E’ strano vedere i Mudhoney vestiti eleganti come appaiono nelle foto promozionali di “Vanishing Point”, album numero nove di una lunga carriera. Forse perchè quando senti il loro nome il pensiero corre sempre ad altre immagini: quelle in bianco e nero degli anni d’oro di Seattle scattate da Charles Peterson, piene d’energia e ancora fresche anche se di tempo ne è passato. E te li immagini costantemente in jeans tra fiumi di birra e non in giacca, con un cappello e una cravatta, calici di vino in mano e Steve Turner che sfoggia un paio di baffi a manubrio che lo fanno somigliare a un professore di filosofia o a un nobile inglese d’altri tempi. Ma sarebbe ancor più strano se volessero restare giovani per forza, imprigionati nel passato e incapaci di progredire. E loro hanno sempre voluto guardare avanti, non indietro. Anche se il futuro è quello poco rassicurante descritto in “The Final Course”.

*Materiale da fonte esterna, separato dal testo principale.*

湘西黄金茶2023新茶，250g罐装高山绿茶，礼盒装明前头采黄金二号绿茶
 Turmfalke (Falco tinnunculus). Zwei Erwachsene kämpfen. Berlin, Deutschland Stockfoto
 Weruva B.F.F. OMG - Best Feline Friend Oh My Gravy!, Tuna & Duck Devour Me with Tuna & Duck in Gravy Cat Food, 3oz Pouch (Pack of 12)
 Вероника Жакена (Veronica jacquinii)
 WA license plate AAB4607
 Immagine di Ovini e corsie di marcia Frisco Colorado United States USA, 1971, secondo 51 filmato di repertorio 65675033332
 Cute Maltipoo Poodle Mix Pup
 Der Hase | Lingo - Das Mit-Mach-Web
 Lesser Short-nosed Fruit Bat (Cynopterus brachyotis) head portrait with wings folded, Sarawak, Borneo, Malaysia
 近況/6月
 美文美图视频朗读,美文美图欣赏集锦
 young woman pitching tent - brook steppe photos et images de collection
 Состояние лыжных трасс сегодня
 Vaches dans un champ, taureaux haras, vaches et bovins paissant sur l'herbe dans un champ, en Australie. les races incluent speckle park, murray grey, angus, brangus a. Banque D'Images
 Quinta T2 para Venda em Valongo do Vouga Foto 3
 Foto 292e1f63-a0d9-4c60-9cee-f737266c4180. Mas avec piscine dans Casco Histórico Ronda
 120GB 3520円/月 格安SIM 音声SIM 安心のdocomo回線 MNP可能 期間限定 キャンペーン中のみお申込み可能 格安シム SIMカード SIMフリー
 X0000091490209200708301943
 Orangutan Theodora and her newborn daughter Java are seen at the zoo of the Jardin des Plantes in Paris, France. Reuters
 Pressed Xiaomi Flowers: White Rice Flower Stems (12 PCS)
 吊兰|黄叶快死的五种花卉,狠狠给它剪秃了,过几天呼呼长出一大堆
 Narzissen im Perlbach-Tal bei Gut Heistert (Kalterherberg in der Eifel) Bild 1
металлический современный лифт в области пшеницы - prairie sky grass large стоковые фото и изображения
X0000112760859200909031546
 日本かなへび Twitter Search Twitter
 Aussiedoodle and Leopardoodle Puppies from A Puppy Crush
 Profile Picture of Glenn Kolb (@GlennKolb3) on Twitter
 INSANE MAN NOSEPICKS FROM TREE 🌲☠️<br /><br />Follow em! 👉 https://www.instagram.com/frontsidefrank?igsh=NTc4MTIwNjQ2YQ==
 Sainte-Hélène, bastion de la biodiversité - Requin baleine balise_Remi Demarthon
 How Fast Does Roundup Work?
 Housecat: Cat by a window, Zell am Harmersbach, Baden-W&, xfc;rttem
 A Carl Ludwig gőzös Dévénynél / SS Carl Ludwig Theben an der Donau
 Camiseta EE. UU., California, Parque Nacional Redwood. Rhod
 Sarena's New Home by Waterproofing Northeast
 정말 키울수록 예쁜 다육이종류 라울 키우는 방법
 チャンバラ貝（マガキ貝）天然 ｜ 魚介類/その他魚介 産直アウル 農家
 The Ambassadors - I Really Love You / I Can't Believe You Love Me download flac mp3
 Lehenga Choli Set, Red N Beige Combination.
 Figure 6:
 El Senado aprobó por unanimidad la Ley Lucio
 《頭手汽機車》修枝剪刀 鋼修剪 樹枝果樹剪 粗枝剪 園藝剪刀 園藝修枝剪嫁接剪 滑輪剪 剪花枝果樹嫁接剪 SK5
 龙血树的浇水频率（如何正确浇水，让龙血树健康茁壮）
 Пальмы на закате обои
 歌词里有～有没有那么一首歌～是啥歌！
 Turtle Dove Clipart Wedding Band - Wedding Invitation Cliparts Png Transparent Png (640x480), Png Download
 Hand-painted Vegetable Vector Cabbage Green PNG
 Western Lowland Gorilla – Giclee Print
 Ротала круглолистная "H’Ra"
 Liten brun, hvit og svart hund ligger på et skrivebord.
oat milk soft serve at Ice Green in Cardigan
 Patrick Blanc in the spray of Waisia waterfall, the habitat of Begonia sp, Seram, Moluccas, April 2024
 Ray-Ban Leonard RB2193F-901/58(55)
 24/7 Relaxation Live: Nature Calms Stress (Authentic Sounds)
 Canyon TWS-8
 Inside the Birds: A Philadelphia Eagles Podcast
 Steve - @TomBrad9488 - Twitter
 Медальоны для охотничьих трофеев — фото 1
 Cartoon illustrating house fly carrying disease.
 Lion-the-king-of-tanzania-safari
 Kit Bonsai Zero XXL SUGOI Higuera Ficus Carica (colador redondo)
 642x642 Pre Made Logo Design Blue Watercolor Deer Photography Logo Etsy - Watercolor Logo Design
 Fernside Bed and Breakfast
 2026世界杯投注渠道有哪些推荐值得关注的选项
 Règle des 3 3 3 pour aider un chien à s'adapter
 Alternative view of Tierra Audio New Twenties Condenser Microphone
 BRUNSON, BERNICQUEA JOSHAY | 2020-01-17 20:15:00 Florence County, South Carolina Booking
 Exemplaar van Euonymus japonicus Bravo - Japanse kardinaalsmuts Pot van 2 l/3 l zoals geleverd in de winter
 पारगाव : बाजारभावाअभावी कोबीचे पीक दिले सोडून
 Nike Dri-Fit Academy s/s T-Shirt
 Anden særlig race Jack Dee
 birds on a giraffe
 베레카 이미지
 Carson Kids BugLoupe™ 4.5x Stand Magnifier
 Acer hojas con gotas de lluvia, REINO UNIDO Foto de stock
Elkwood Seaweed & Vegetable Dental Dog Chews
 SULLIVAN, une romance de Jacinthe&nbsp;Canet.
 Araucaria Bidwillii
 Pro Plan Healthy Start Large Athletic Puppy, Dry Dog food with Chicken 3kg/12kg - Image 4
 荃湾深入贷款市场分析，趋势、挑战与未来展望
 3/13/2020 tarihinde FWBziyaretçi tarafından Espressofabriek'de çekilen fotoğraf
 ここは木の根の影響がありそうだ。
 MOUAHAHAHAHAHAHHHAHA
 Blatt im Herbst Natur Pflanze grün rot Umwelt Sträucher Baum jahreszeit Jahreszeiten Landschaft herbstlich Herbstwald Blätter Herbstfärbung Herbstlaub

“Vanishing Point” è un ottimo modo per celebrare il venticinquesimo anniversario della Sub Pop e dei Mudhoney stessi, che sembrano più in forma che mai. Registrato agli Avast! Studios nell’arco di due weekend, è un disco che solo loro avrebbero potuto fare. Arrabbiato, crudo, onesto, sarcastico ma non crudele, con quelle armonie oblique costruite dalla batteria di Dan Peters, dal basso di Guy Maddison, dai licks furiosi della chitarra del Signor Turner e dalla voce tagliente di un Mark Arm che scrive testi ancor più pieni di humor nero del solito (come si capisce in “Sing This Song Of Joy”). Canzoni che hanno l’immediatezza di “Slipping Away” col suo “Baby Baby Baby Yeah, Ah Ah Ah Oh Oh Goddamn” o la potenza devastante di “The Only Son Of The Widow From Nain” e di “In This Rubber Tomb” in cui Mark sembra mettere in guardia contro i pericoli dello stare troppo comodi e sicuri, perchè un po’ di pericolo serve sempre nella vita. E poi prende in giro chi si atteggia (“Douchebags On Parade”), chi cerca di vivere della luce riflessa degli altri (“I Don’t Remember You”) e i critici che vorrebbe buttare fuori dal backstage in una “Chardonnay” dove urla I see through your charade / I Hate You Chardonnay fino a non avere più aria nei polmoni come se fosse il figlio di Iggy Pop (ah ma allora i vestiti, i calici, l’aria da signori, il vinello rosso erano solo uno scherzo!!). Ma sa anche essere dannatamente serio quando in una “What To Do With The Neutral” dal groove assassino se ne esce con un paio di righe che dovrebbero essere scritte sui muri: I will say no to nothing and yes to something but I have no idea what that something should be.

Meritano rispetto, i Mudhoney. Rispetto per quello che hanno fatto, per quello che fanno e per quello che faranno. Ma soprattutto meritano rispetto perchè sono riusciti a creare un album mettendo insieme la passione e il divertimento dei ragazzini e la confusione, la complessa ironia degli adulti. Di chi sa che la vita non è tutta da ridere ma che proprio per questo bisogna apprezzare ogni sorriso e riconoscere l’importanza delle piccole cose, come dice convinto Mark in “I Like It Small”.